DATA TO EXAMINE -
----

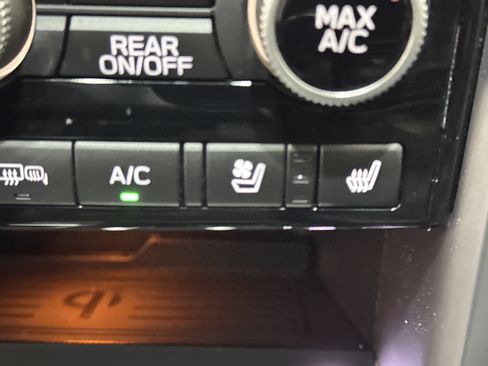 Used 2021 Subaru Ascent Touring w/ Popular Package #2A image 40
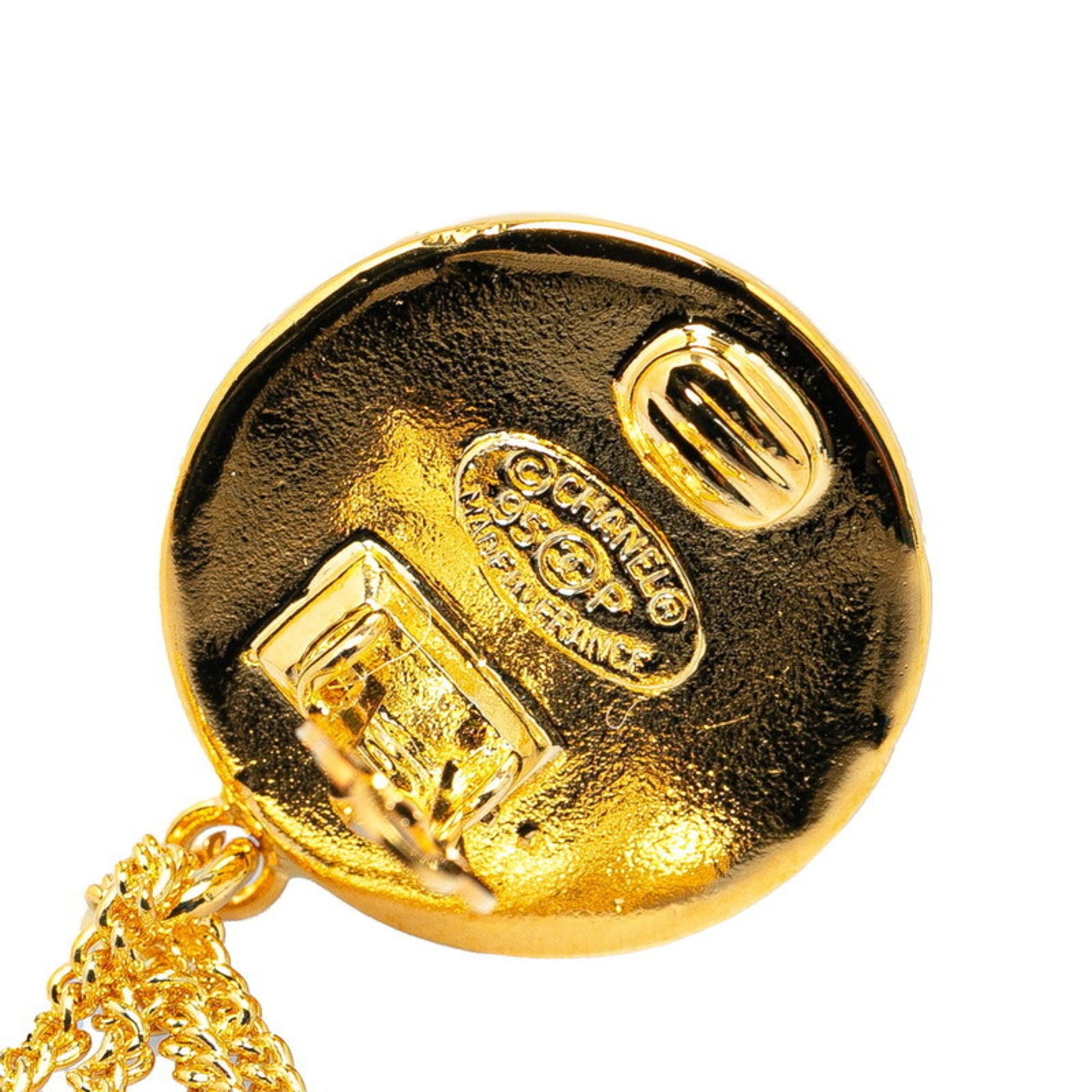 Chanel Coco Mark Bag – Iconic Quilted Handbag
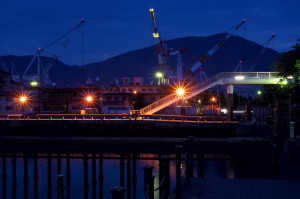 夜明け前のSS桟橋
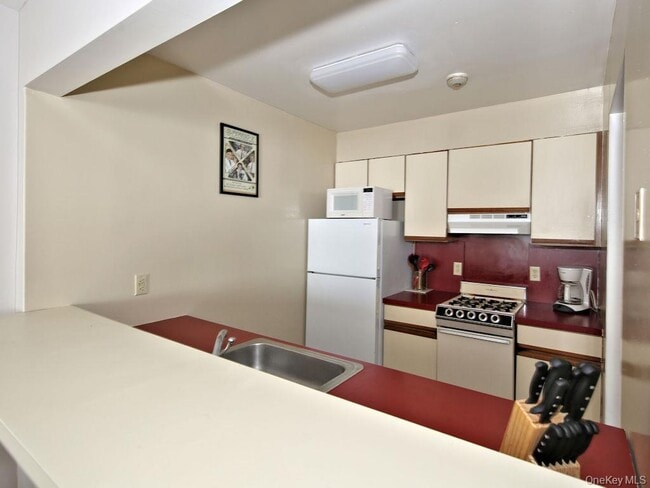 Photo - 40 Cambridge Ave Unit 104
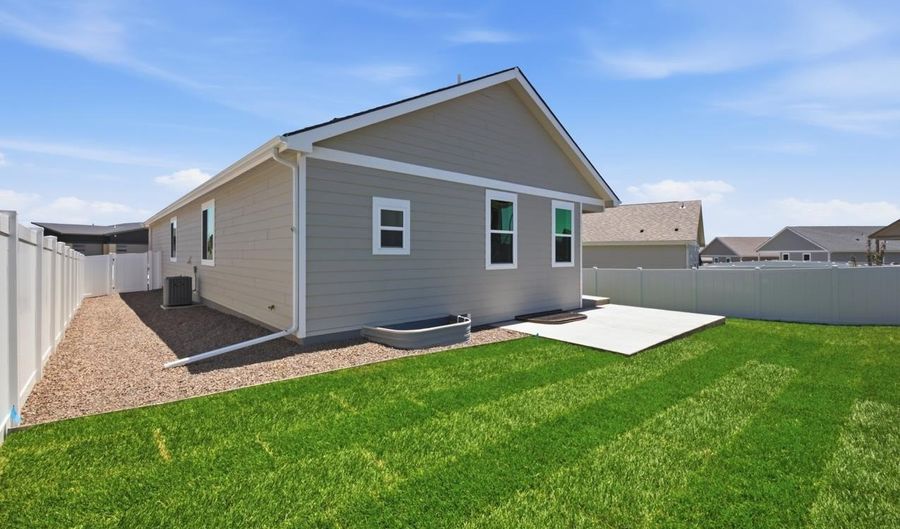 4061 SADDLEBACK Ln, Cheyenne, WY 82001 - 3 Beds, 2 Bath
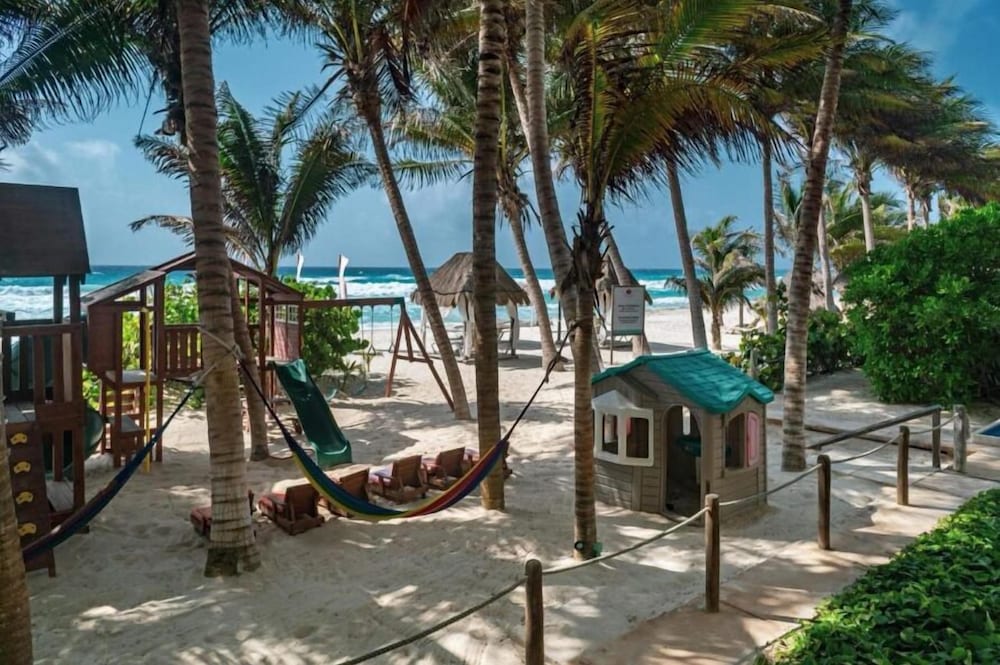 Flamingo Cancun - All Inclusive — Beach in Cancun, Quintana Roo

----

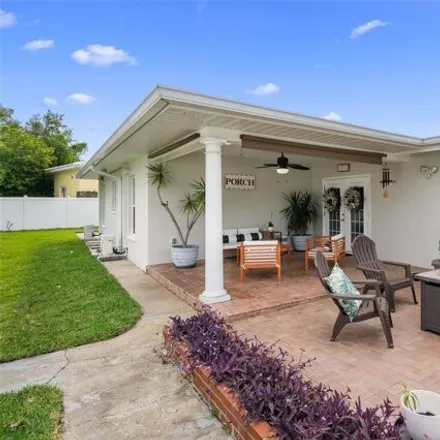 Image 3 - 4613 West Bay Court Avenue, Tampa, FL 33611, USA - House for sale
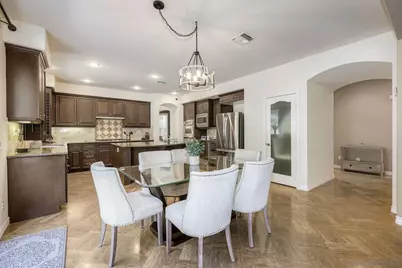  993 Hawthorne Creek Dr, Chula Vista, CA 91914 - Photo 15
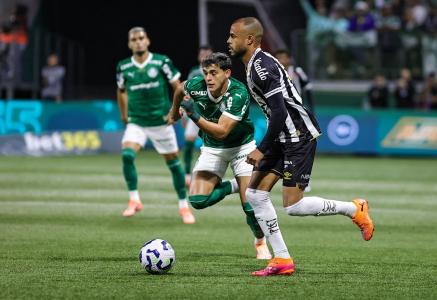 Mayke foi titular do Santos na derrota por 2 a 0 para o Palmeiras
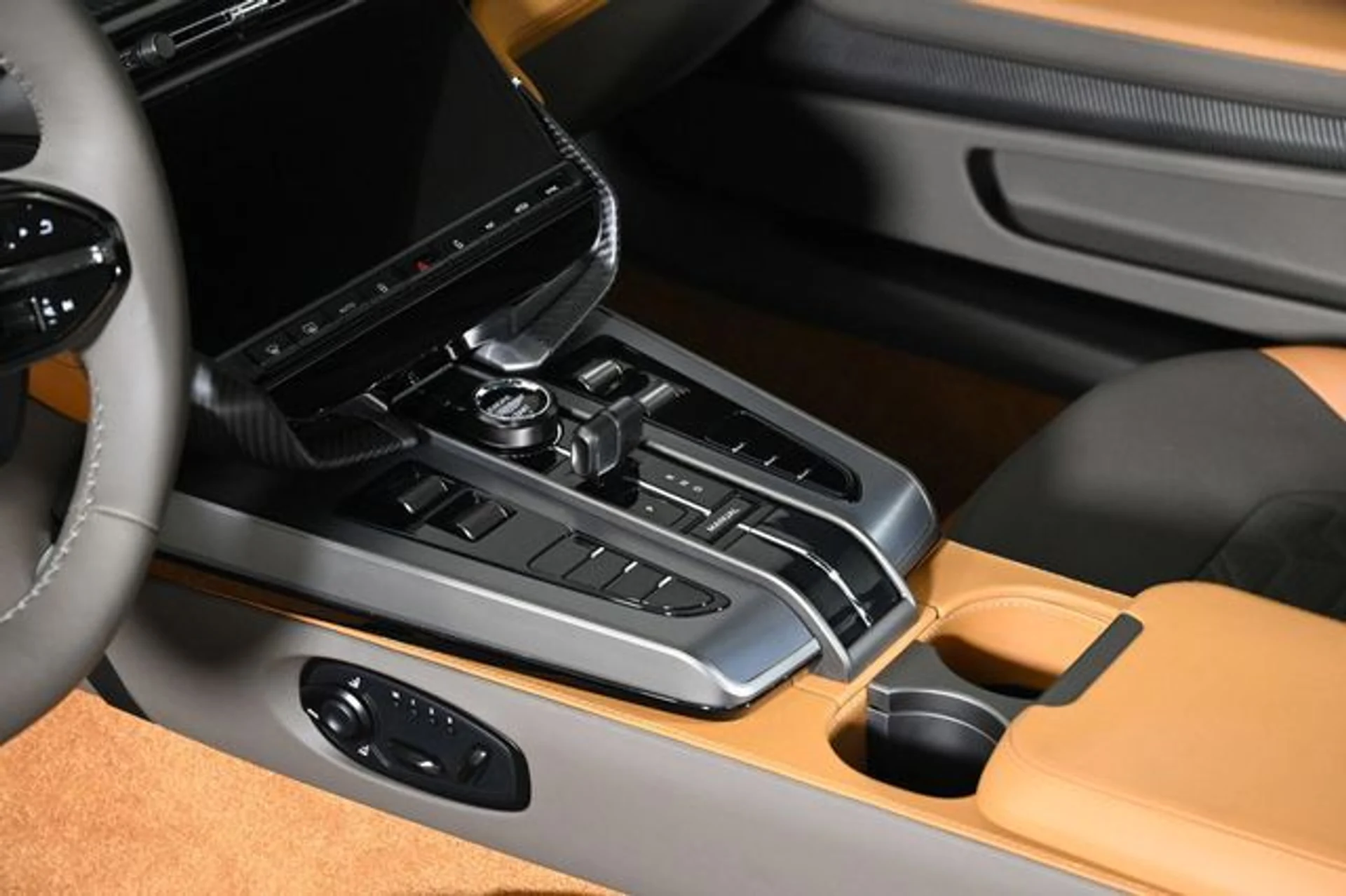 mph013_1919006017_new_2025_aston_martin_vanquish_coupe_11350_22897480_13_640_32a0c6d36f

----

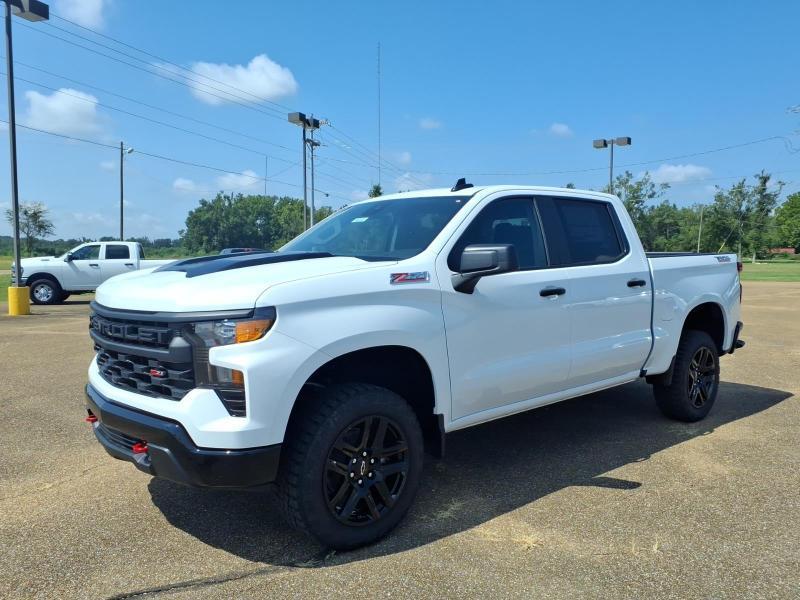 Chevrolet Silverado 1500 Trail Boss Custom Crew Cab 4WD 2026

----

WORK ITEM -
Using the material above, reproduce only the lines that run from the line with "Used 2021 Subaru" up to and including the line with "Flamingo Cancun - All", exactly, with the pictures dropped.

WRITTEN SOLUTION -
 Used 2021 Subaru Ascent Touring w/ Popular Package #2A image 40
 Chanel Coco Mark Bag – Iconic Quilted Handbag
 夜明け前のSS桟橋
 Photo - 40 Cambridge Ave Unit 104
 4061 SADDLEBACK Ln, Cheyenne, WY 82001 - 3 Beds, 2 Bath
 Flamingo Cancun - All Inclusive — Beach in Cancun, Quintana Roo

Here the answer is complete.